泊まって楽しむディープ糸島。バリうま鯛ラーメン、寿司、さらなる驚きが待つ!

サーフカルチャーと共に発展し、紺碧のビーチ沿いにはシャレたカフェやショップがずらり。山海とも魅力にあふれ、食材の宝庫としても知られる福岡県糸島市。福岡市街からアクセス至便であり天神・中洲エリアを拠点としても日帰りできる気軽さが多くの観光客を惹きつける。しかし昨今、インバウンドも含め気運が高まっているのが日帰りでなく“泊まって楽しむディープ糸島”。海、山、駅前と広く糸島市一円で宿泊施設も増え始めている。

今回紹介する糸島市・高田の「一力寿司」は屋号の通り寿司店だ。同時に糸島ステイの新しい選択肢となる“ゲストハウス”であり、“ラーメン処”であり、さらに旅の記憶に残る演出を行う“おもいで屋”でもある。何のことやらと思う人もいるかもしれないが、人間模様が交差するこのディープスポットでの“感動”は体感するほかには分からない。絶品の地モノのネタから締めの鯛ラーメンへと誘うコースと共に“泊まる寿司屋”の一夜をレポートする。

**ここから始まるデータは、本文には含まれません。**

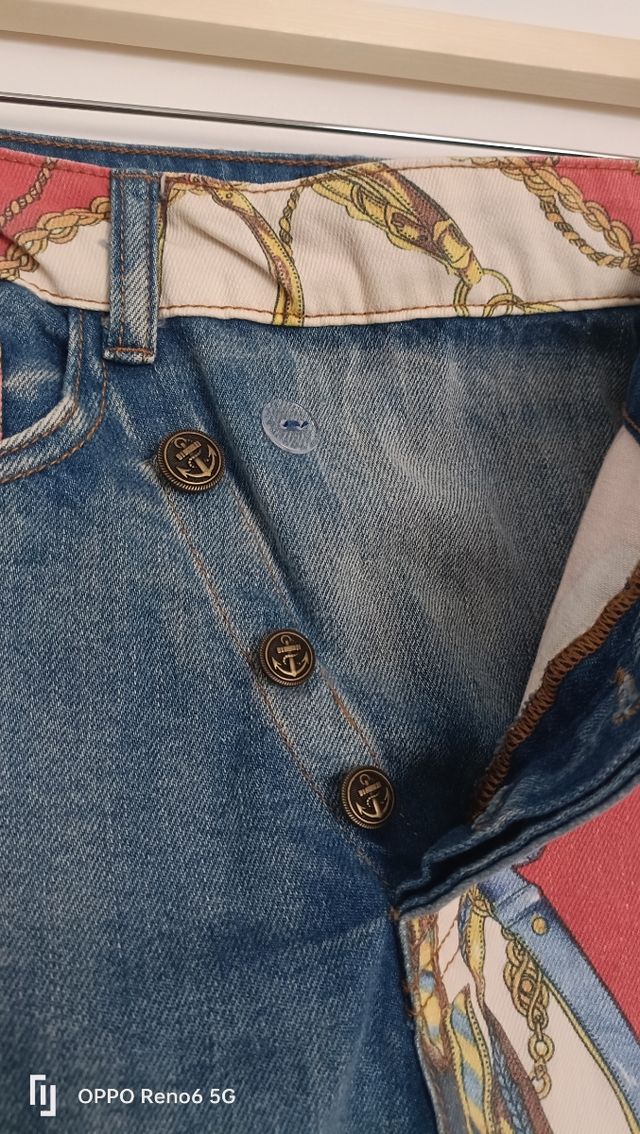 Mini Falda Vaquera Desigual cintura asimétrica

「一力寿司」のアプローチ。進むと非日常体験が待っている!
「一力寿司」のアプローチ。進むと非日常体験が待っている!

「一力寿司/鯛らーめん 穂と花.」は、JR周船寺駅と波多江駅の間の糸島市・高田エリア、国道202号から小路を南側へ入った先にある。淡い照明にボワリと浮かぶアプローチ。建物の右側に2階のゲストハウスへ直結する入口があるが、まずは寿司店の方から入りカウンターでチェックイン、宿帳に記入。16時からチェックイン可能だが、この日は19時に到着。

カウンターと広々とした座敷席。ゲストハウスへは店内奥からと、建物外からと2箇所の扉がある
カウンターと広々とした座敷席。ゲストハウスへは店内奥からと、建物外からと2箇所の扉がある

6席のカウンターと小上がりの座敷を備えた店内。伊万里焼の大皿の前で迎えてくれるのが大将の西原良史さん。糸島生まれ、糸島育ち。1978(昭和53)年創業の同店を父から継いだ2代目である。まずは、寿司だけじゃない、彼の“ラーメン職人”、“おもいで屋主人”としての顔も紹介しておかねばなるまい。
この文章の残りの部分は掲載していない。